Zittrig bestellte er Kaffee und mußte sich dabei mehrmals räuspern. Er fror bei aufgedrehter Heizung, als er nachher den Kaffee in sich hineingoß. Von Zeit zu Zeit nahm er die Übersetzung in die Hand und blätterte ein bißchen, ohne zu lesen. Er würde sie Agnes nicht zeigen können. Er würde ihr nie mehr etwas zeigen können. Viertel vor neun wusch er die Augen aus, nahm von Levetzovs Texte unter den Arm und ging hinunter.
17
Als die anderen die Veranda betraten und Perlmann dort bereits sitzen sahen, brachen sie ihre Gespräche ab und kramten, kaum daß sie saßen, geschäftig in ihren Unterlagen. Perlmann nickte ihnen nur kurz zu und blätterte um.
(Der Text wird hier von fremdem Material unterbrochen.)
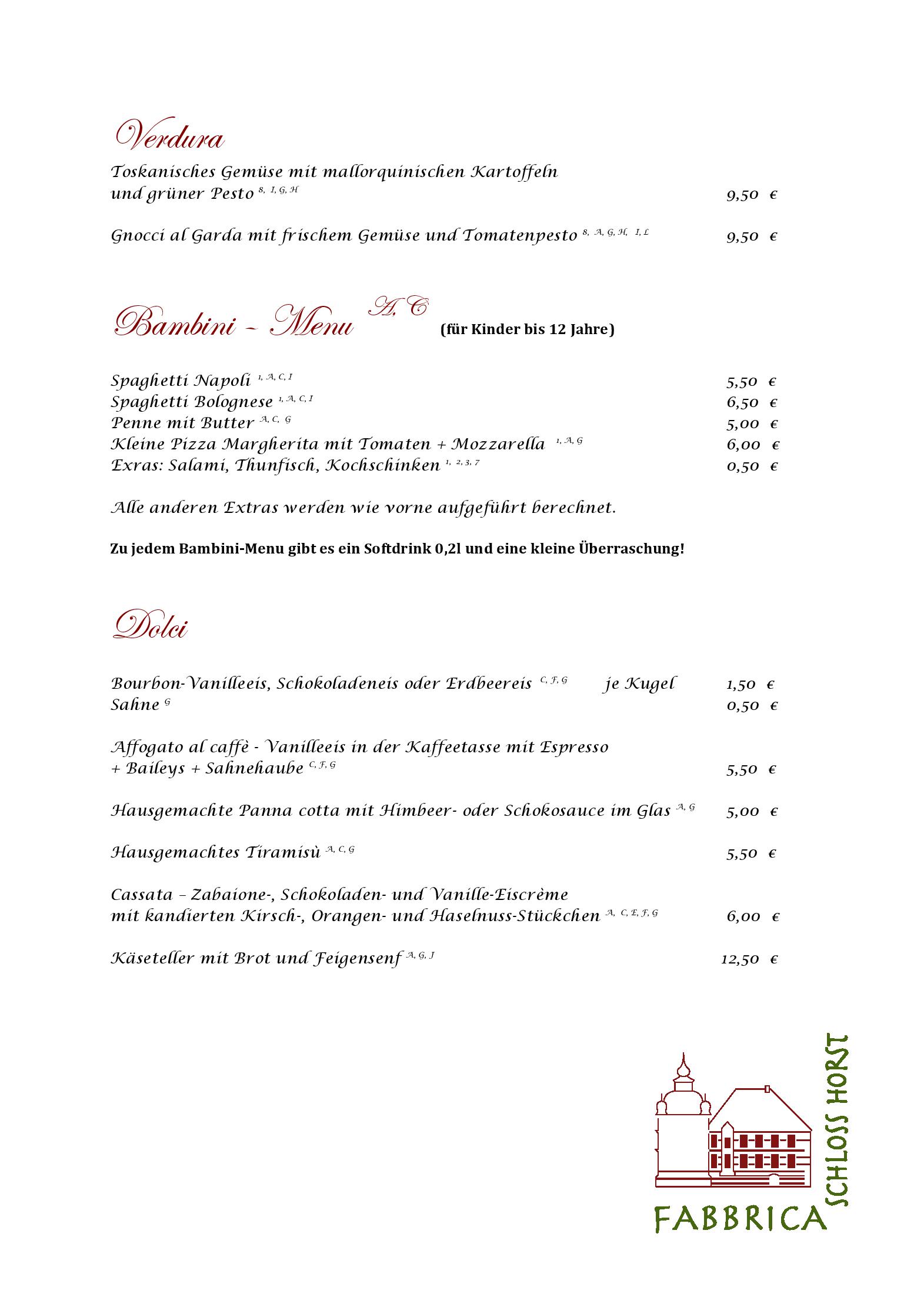 Speisekarte Fabbrica Schloß-Horst in Gelsenkirchen, Seite 5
«Dann also weiter mit dieser sonderbaren Wissenschaft», sagte von Levetzov aufgeräumt und faßte in wenigen Sätzen den nächsten Text zusammen.
Perlmann gewann den Kampf gegen die Müdigkeit. Es dauerte eine Weile, bis er das gestern nachmittag Gelesene unter den Erinnerungen an die Nacht hervorgezerrt hatte; doch dann lief sein Gehirn hinter der Müdigkeit wie ein geöltes Uhrwerk, und es gelangen ihm Beiträge, welche den Verlauf der Sitzung weitgehend bestimmten. Von Levetzov bat ihn mehrfach, einen Einwand zu wiederholen, und schrieb dann mit. Nur Millar blickte, wenn Perlmann sprach, mit demonstrativer Langeweile zum Fenster hinaus in den Nebel. Evelyn Mistral nahm öfter die Brille ab und hörte Perlmann mit dem Ausdruck eines Menschen zu, der sich über die Genesung eines anderen freut. Immer wenn er das bemerkte, beendete er seinen Beitrag früher als geplant.
«Na, Perlmann: wieder dabei bei der fröhlichen Wissenschaft?»scherzte von Levetzov beim Hinausgehen.
Perlmann schlief ein, kaum war er unter die Decke gekrochen. Kitty mit dem Bären im Arm fragte ihn lispelnd lauter Dinge, die er nicht wußte. Das einzige, was er wußte, war, daß der Flügel nicht mehr stand, wo er sonst immer gestanden hatte. In Berlin war er indessen auch nicht, da gab es nur Hörsäle mit Massen von Studenten, und wenn er heimkam und zum x-tenmal in den hohen, hallenden Räumen nach dem Flügel suchte, nickte Agnes pausenlos und riß lauter Kisten mit Material für die eigene Dunkelkammer auf.